▶ **Activity**
Using the material below, repeat exactly the lines from the one with "2019 LEXUS RX" through the one with "HPI 540225 BLACKZON", ends included, without any images.

▶ **Available data**
━━━━━━━━━━
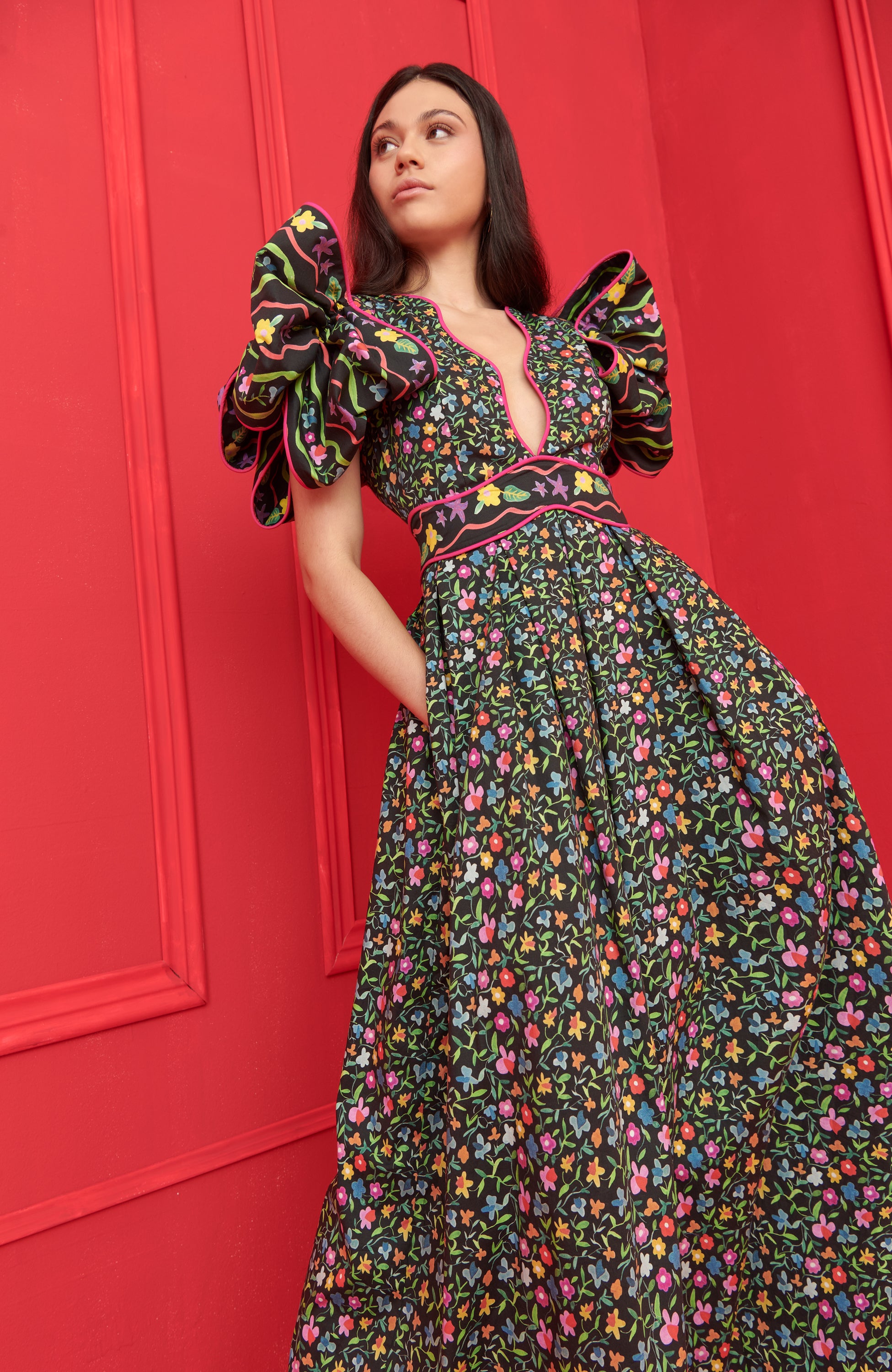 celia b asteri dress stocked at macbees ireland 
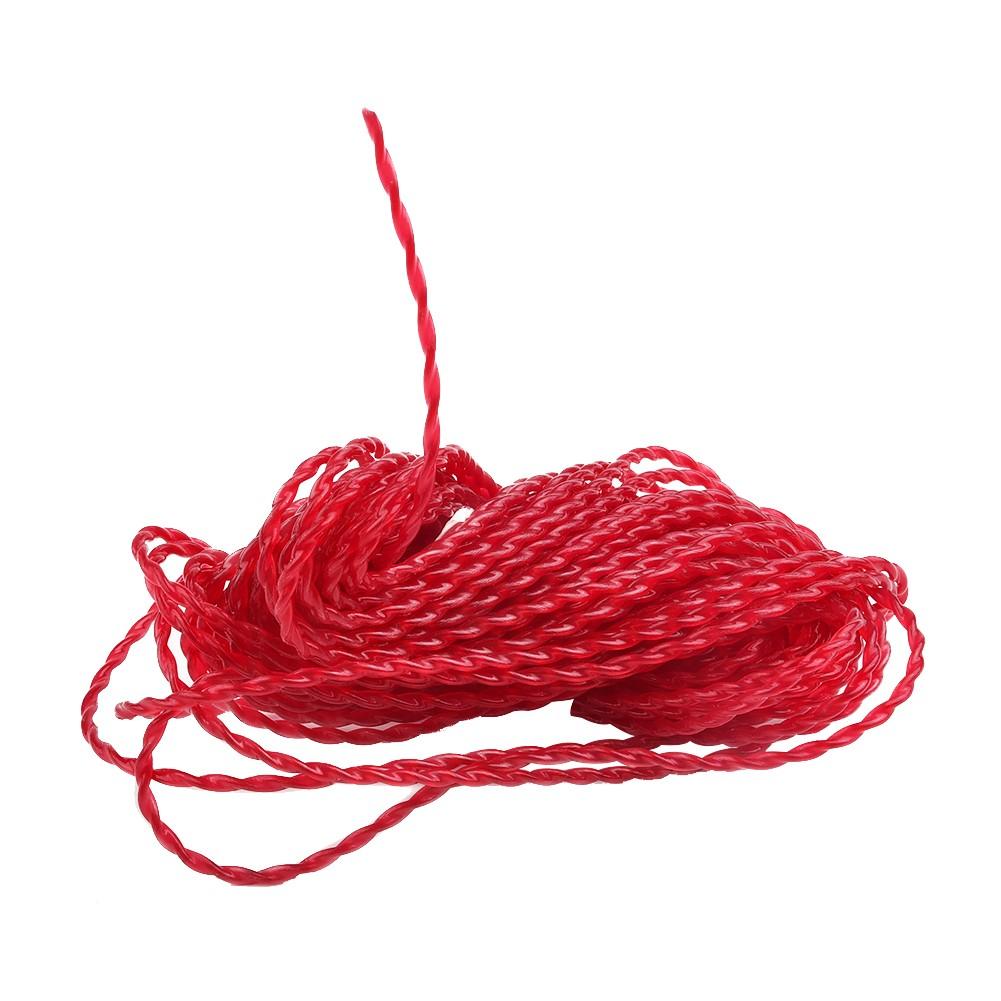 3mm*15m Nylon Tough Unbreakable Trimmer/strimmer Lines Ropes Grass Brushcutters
━━━━━━━━━━
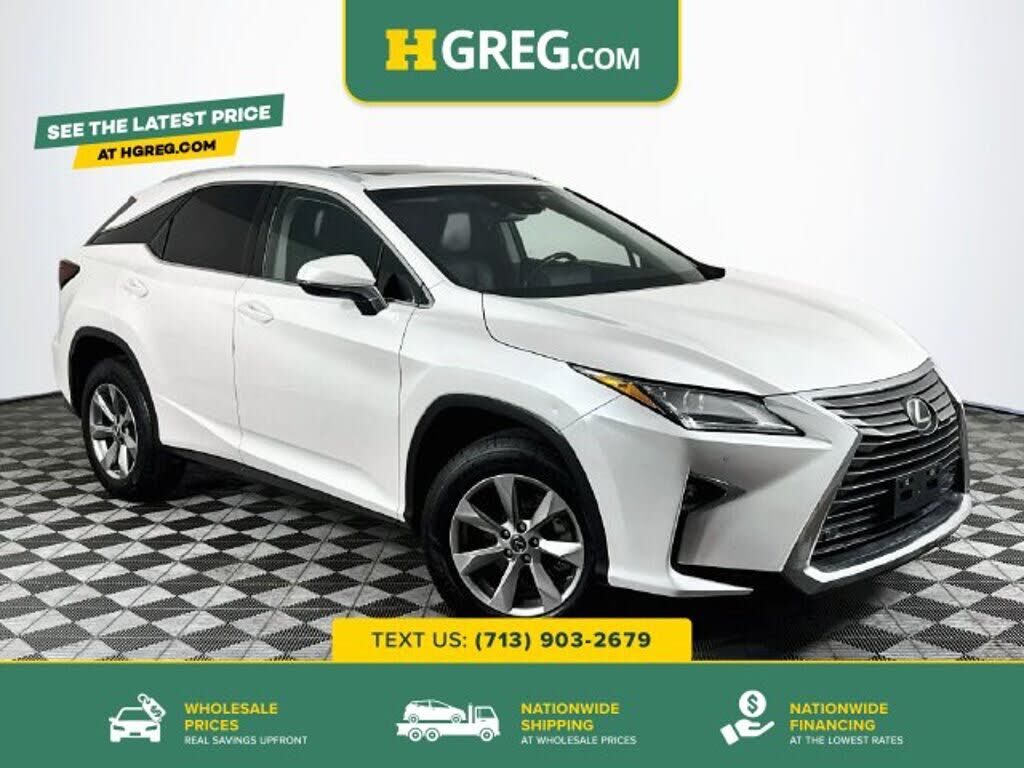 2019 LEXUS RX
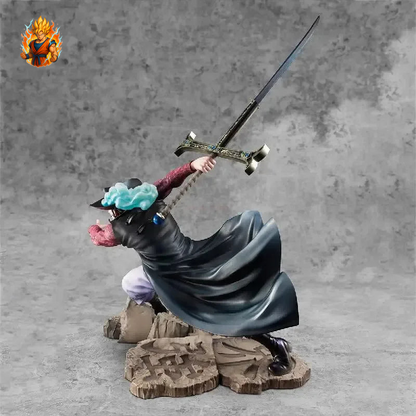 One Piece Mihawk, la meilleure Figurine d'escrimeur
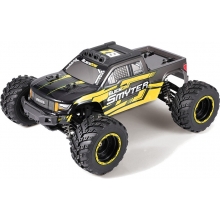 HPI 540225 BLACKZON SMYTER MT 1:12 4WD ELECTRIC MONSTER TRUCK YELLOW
━━━━━━━━━━
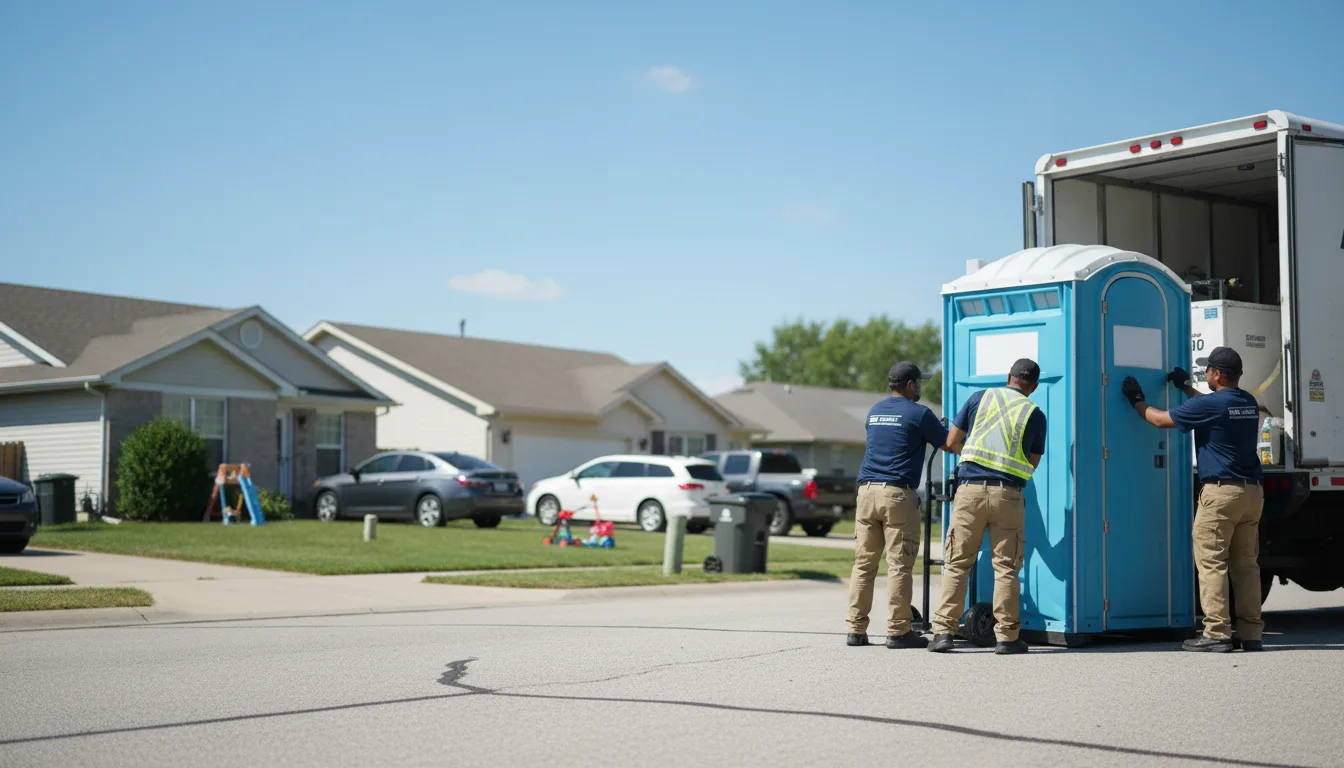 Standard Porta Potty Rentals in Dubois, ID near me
━━━━━━━━━━
▶ **Result of the task**
 2019 LEXUS RX
 One Piece Mihawk, la meilleure Figurine d'escrimeur
 HPI 540225 BLACKZON SMYTER MT 1:12 4WD ELECTRIC MONSTER TRUCK YELLOW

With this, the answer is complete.